Trump jumped from 10 percent in a CNN/Opinion Research Corporation poll conducted last month, with Romney dropping from 18 percent to 11 percent.
While you ponder those numbers, I’d also like you to ponder a poll that was released exactly four years ago today:
WASHINGTON — Sen. John McCain, once considered the front-runner for the Republican presidential nomination, has fallen to third place in a new Los Angeles Times/Bloomberg poll, and is running behind Fred Thompson, an actor and former senator who has not even entered the race.
Former New York Mayor Rudolph W. Giuliani leads the crowded field of announced and potential contenders with support from 29% of probable Republican primary voters surveyed, followed by Thompson with 15% and McCain with 12%. Mitt Romney, the former Massachusetts governor and a fundraising powerhouse, had 8%.

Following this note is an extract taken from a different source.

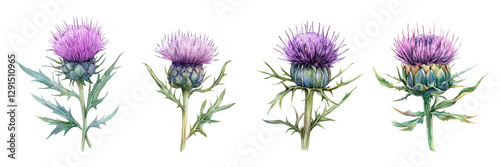 Watercolor set of milk thistle flowers png. Hand drawn wildflowers. Milk thistle flower. Medicinal herb. Concept of aol medicinal and cosmetic herbs. Vector composition.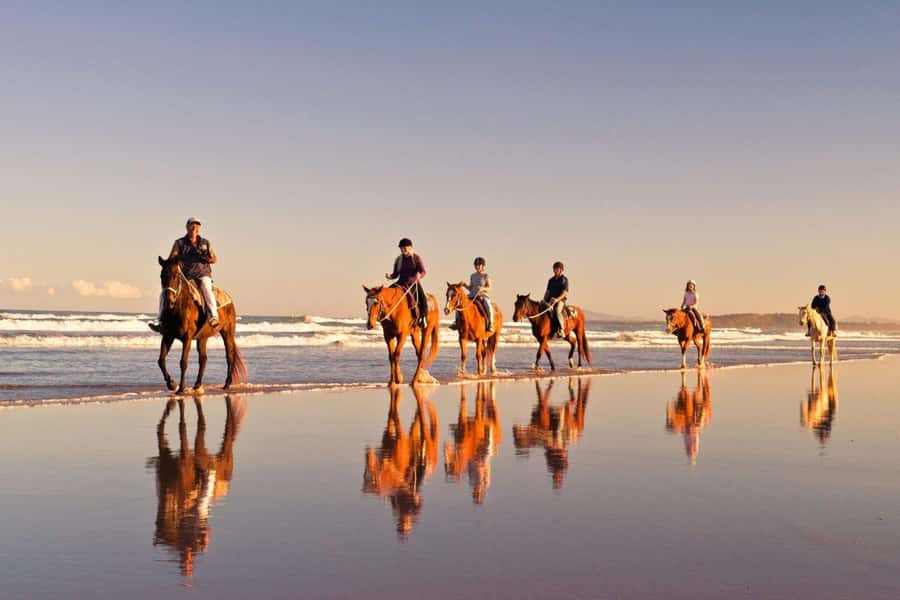 Cape Town: Beach Horse Ride with Hotel Pickup & Drop-off - What happens during the one-hour ride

Giuliani had been consistently leading most polls of the Republican race since as far back as December 2006, of course, and this April 2007 poll was just the beginning of McCain’s campaign crisis that lasted through most of the summer and fall of 2007. Two months later, two Rasmussen polls (here and here) showed Fred Thompson, who had just entered the race, pulling ahead of Giuliani. In July 2007, an Associated Press poll showed that a quarter of Republicans were dissatisfied with the entire field.
We know how the 2008 race ended, of course. McCain came back from the dead, Mike Huckabee and Mitt Romney started to surge in late December 2007, Fred Thompson faltered when it became clear that he was, at best, a laconic campaigner, and Rudy Giuliani achieved infamy when he spent $50,000,000 and won a single delegate before dropping out in January 2008, only one month into the primaries. All that early polling proved to be entirely meaningless when the rubber hit the road. Of course, it wasn’t just the Republican race in 2008 that proved the unreliability of early polling; up until December 2007, Hillary Clinton seemed like a shoe-in for the Democratic nomination.

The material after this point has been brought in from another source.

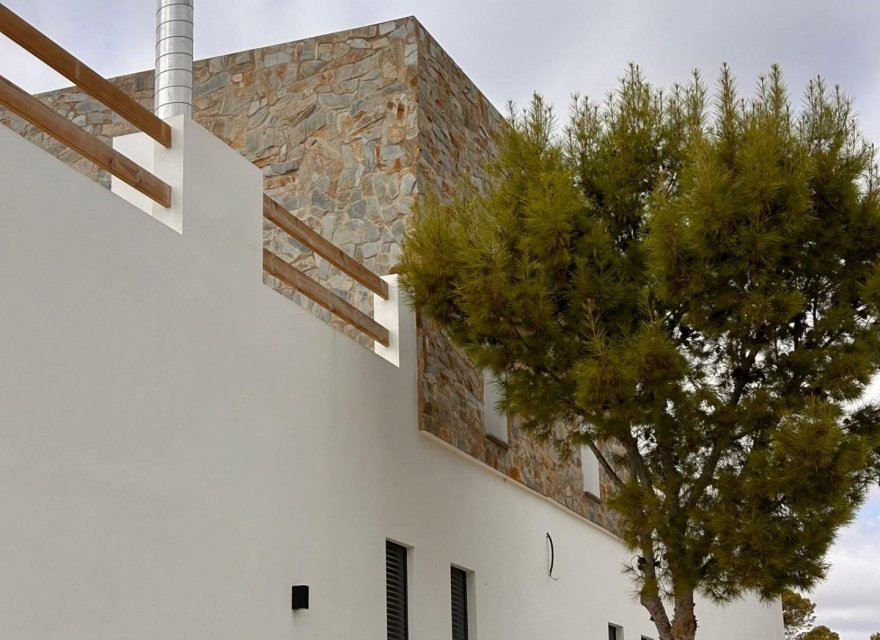 Nowa konstrukcja - Willa - Pinoso - Casas Pastor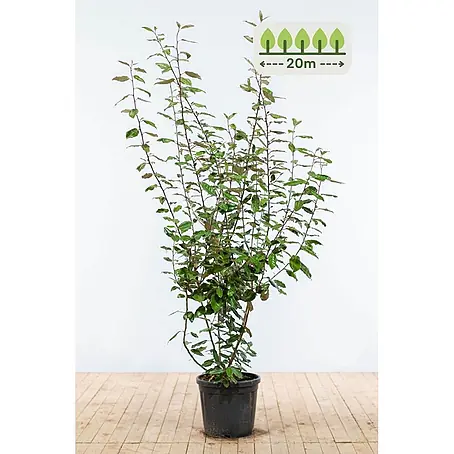 Heijnen Pflanzen  Wintergrüne Ölweide 175-200 cm - 40 St. für 20 Meter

We are looking at a similar phenomenon this time around. For one thing, the race for the nomination has barely started. Only three candidates (Pawlenty, Cain, and Romney) have even formed exploratory committees at this point and several major prospective candidates (Gingrich, Barbour, Daniels) are still hedging their bets. This is a change from recent Presidential cycles, so there’s something of a vacuum in the race right now. Into that vacuum rushes the gadflies like Michele Bachmann and, of course, Donald Trump.
Trump has been playing the media like a fiddle for 20 years now, so its no surprise that when he expresses the slightest interest in running for the Presidency, the media eats it up. He makes for good, headline grabbing, television and, like Paris Hilton, he’s one of those people who’s famous for being famous. So, that explains why the media has been giving him so much free press lately.

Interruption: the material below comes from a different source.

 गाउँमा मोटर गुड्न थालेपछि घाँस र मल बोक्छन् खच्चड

As for the polls, Mark Blumenthal points out that Trump’s supposed surge in the polls isn’t all it’s cracked up to be:
So is Trump really a frontrunner? The answer appears to be no, if only because Republican preferences at this point are so bunched up and tenuous. The 2012 GOP presidential nomination race lacks a dominant leader and polls show no consistent rank in voter preferences among the three to five best known candidates.
What Trump’s numbers really mean, then, isn’t so much that Republican voters are in love with the idea of Donald Trump as their nominee, as that there is no clear frontrunner that people are rallying around right now. That’s likely to be the case until the debates and the voting actually start.